**Data section**
BEGIN

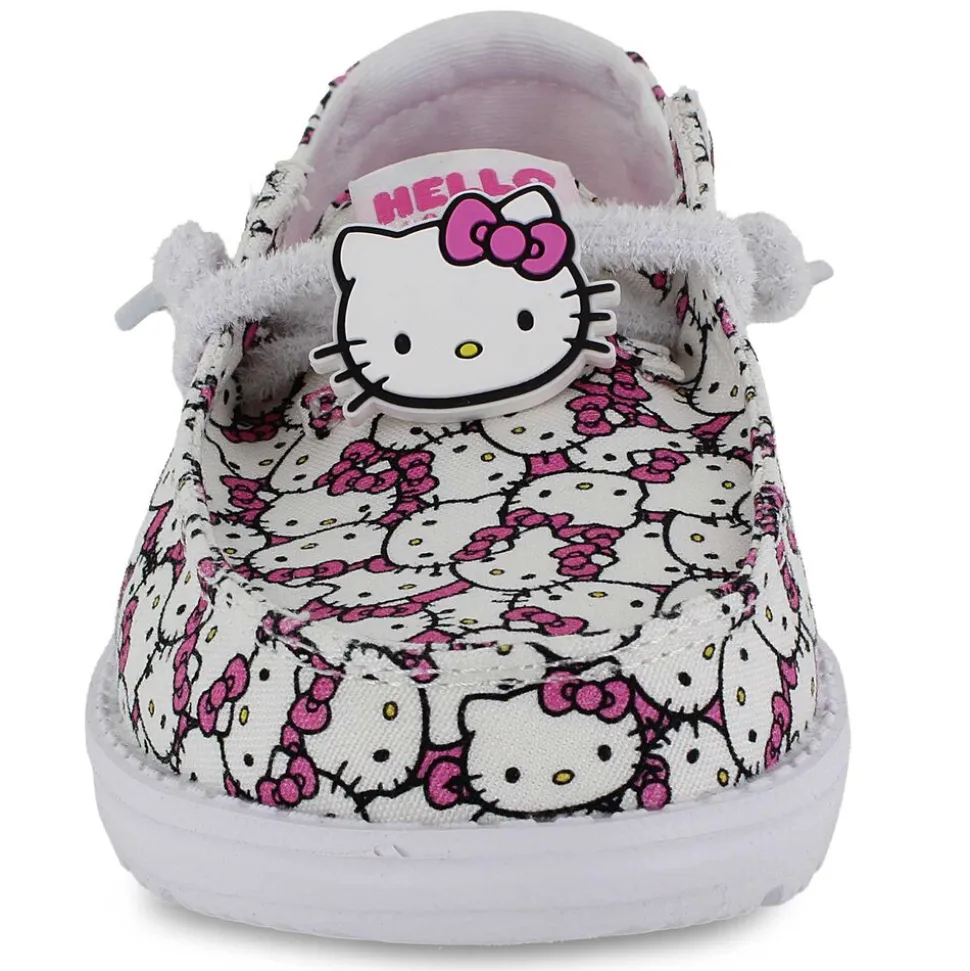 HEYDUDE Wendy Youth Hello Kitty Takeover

END
BEGIN

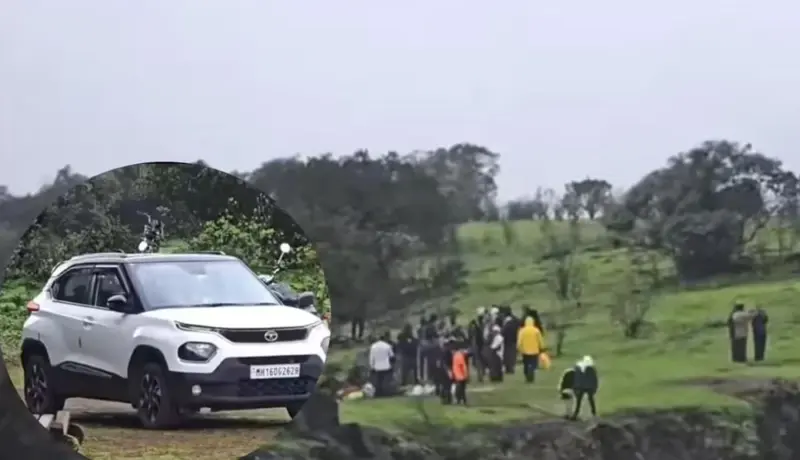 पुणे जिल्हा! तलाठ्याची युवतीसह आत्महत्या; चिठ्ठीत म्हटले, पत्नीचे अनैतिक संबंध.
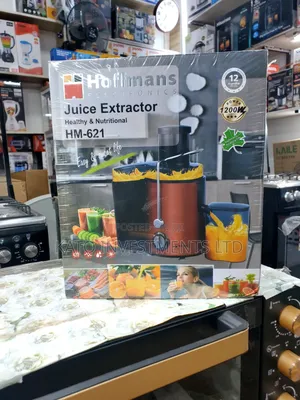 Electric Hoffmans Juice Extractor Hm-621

END

**What this task involves**
Exact copy, pictures excluded: every line above from the one containing "पुणे जिल्हा! तलाठ्याची" to the one containing "Electric Hoffmans Juice Extractor Hm-621", inclusive, and nothing more.

**The answer**
 पुणे जिल्हा! तलाठ्याची युवतीसह आत्महत्या; चिठ्ठीत म्हटले, पत्नीचे अनैतिक संबंध.
 Electric Hoffmans Juice Extractor Hm-621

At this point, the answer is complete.